Write out, please, each line from the one containing "ONE OK ROCK Hannover concert vlog" to the final line of the data, both included, exactly and without pictures.
>>>>
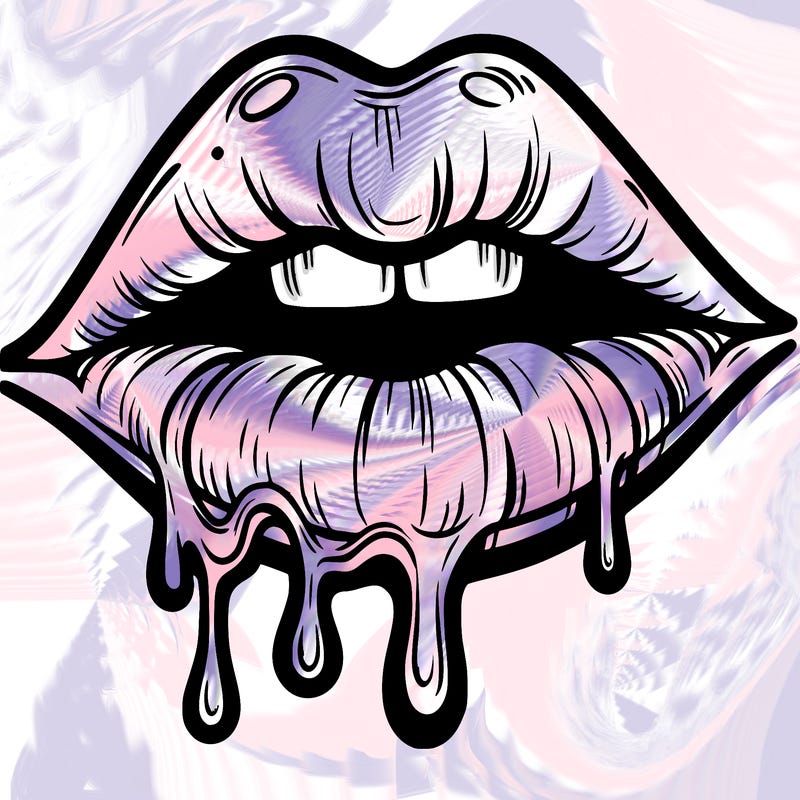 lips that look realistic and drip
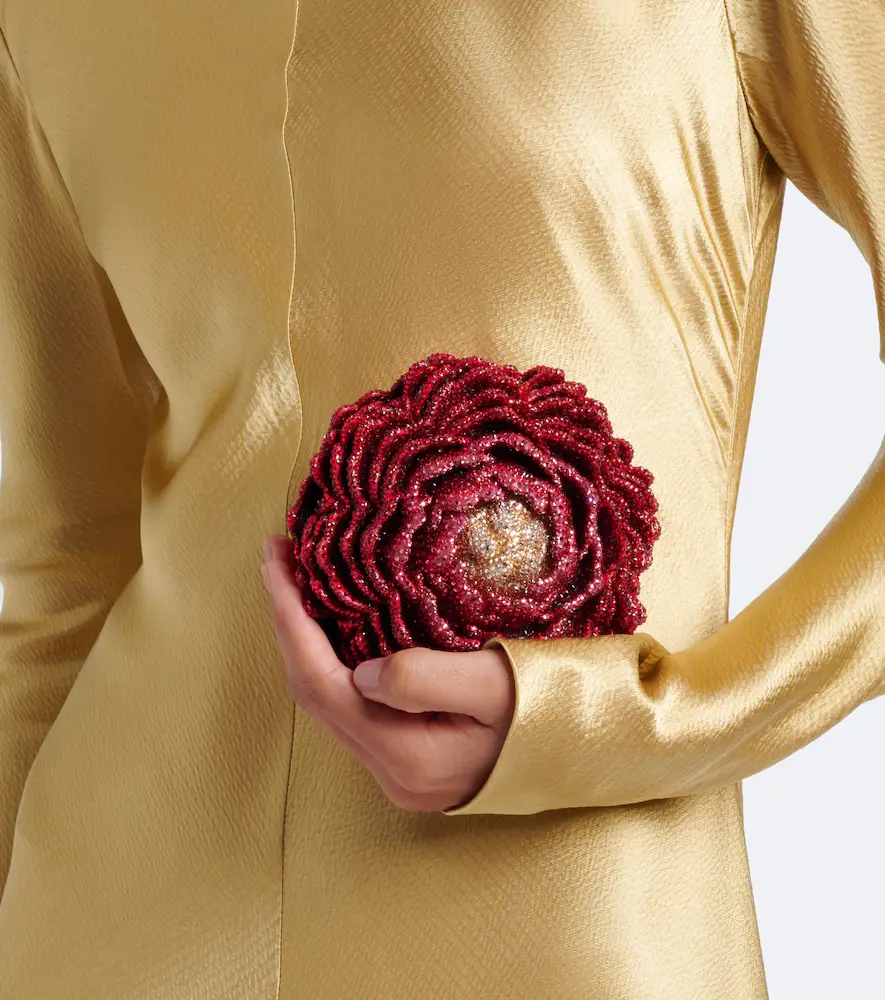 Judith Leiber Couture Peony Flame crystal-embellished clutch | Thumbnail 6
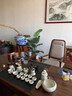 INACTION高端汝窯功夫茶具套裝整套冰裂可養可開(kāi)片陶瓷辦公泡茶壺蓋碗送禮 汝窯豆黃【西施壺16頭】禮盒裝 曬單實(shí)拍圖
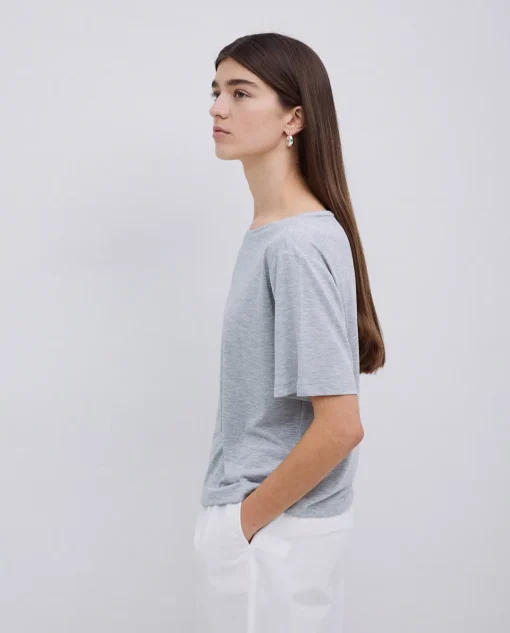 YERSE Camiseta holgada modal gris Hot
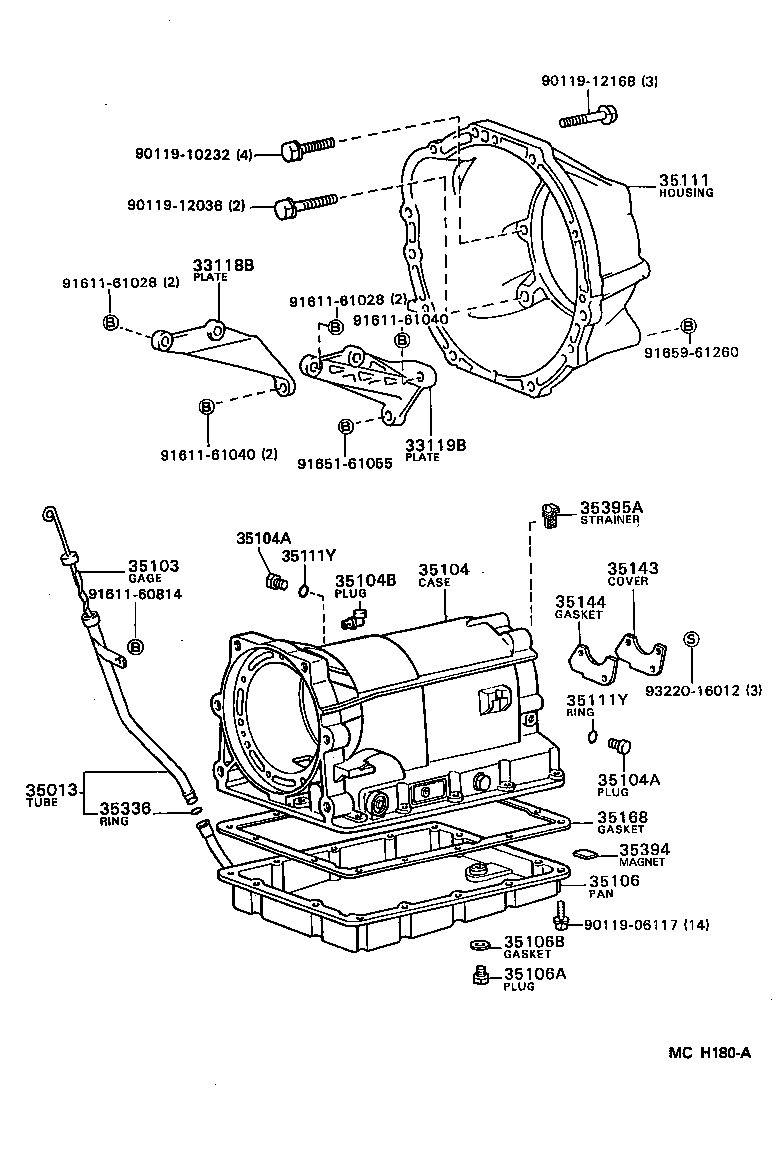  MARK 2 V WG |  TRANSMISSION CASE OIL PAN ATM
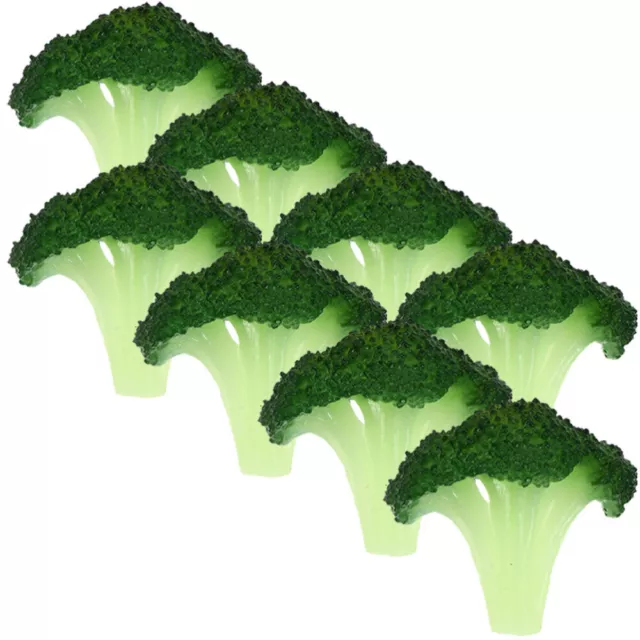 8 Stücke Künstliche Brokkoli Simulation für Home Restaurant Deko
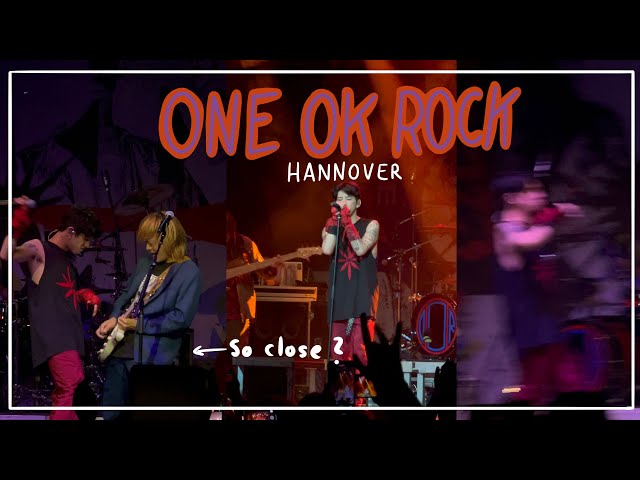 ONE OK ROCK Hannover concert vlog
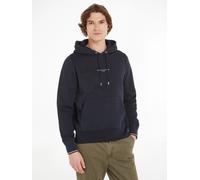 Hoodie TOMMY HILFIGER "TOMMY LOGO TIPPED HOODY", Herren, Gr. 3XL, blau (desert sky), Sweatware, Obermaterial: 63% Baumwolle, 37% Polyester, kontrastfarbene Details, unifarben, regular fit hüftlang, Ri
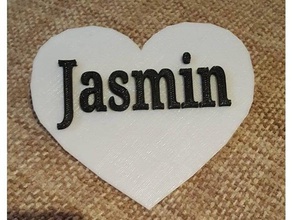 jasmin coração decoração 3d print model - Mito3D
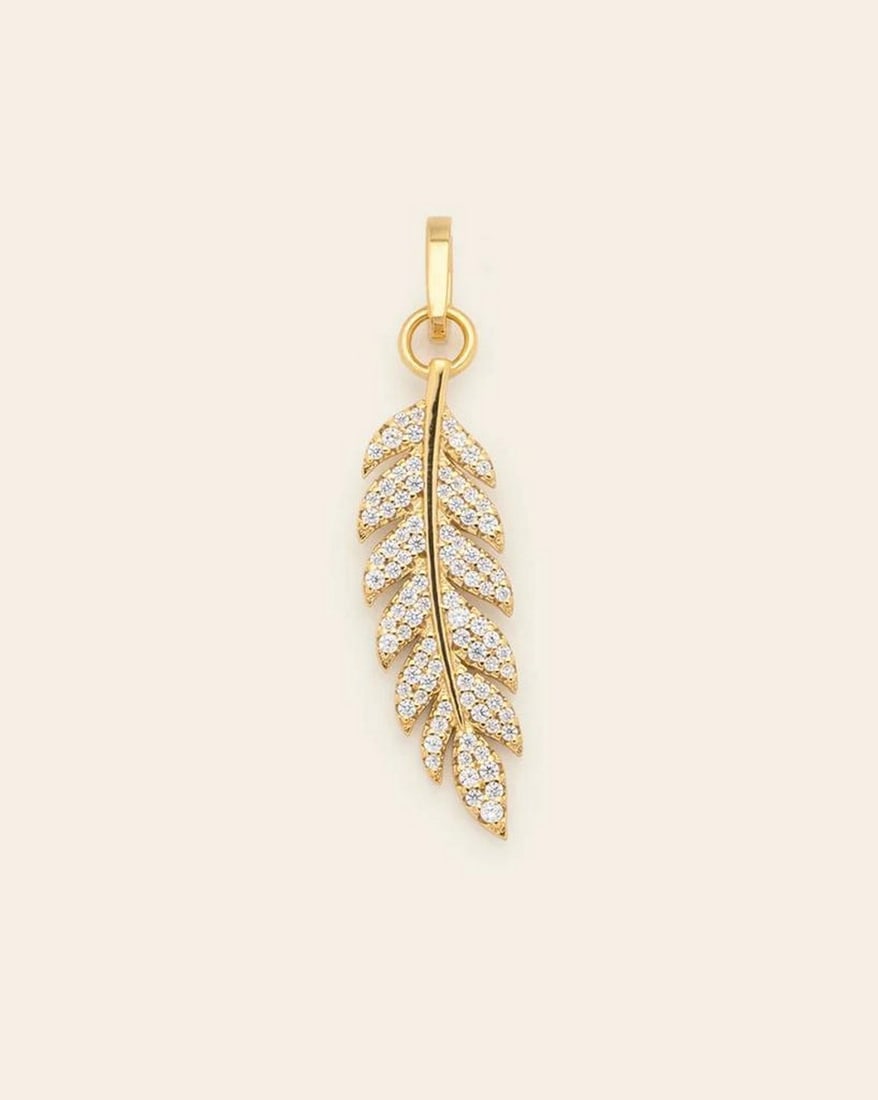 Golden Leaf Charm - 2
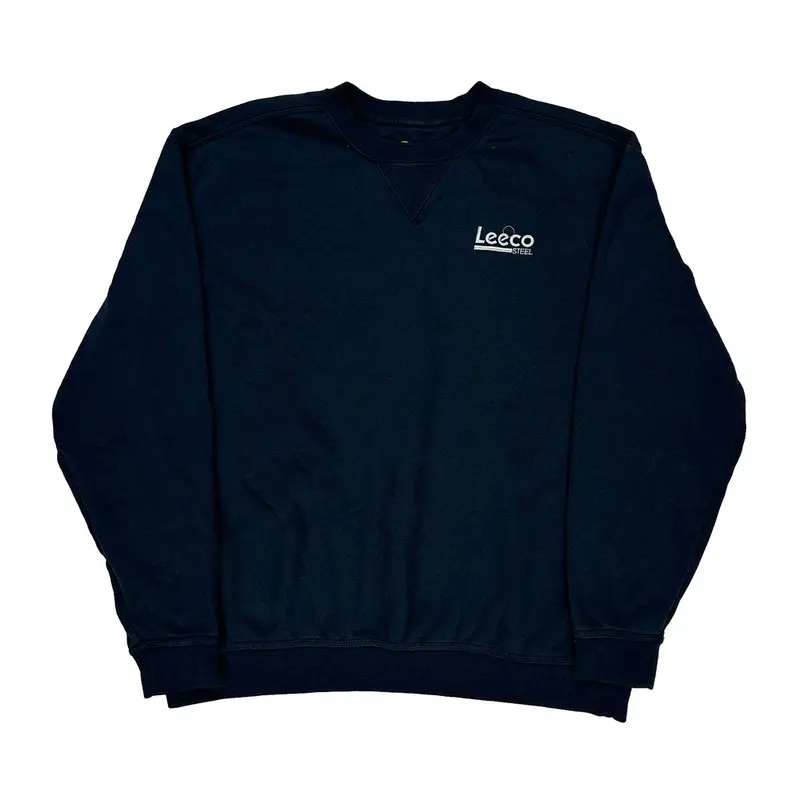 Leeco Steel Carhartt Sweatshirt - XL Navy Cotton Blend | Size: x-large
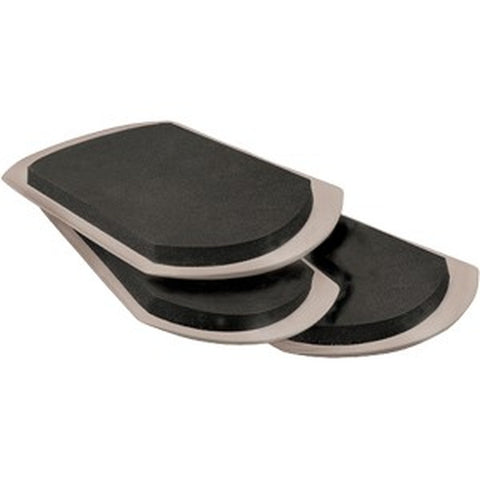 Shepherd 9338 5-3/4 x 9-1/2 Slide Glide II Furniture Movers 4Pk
<<<<
● Expected answer:
 ONE OK ROCK Hannover concert vlog
 Hoodie TOMMY HILFIGER "TOMMY LOGO TIPPED HOODY", Herren, Gr. 3XL, blau (desert sky), Sweatware, Obermaterial: 63% Baumwolle, 37% Polyester, kontrastfarbene Details, unifarben, regular fit hüftlang, Ri
 jasmin coração decoração 3d print model - Mito3D
 Golden Leaf Charm - 2
 Leeco Steel Carhartt Sweatshirt - XL Navy Cotton Blend | Size: x-large
 Shepherd 9338 5-3/4 x 9-1/2 Slide Glide II Furniture Movers 4Pk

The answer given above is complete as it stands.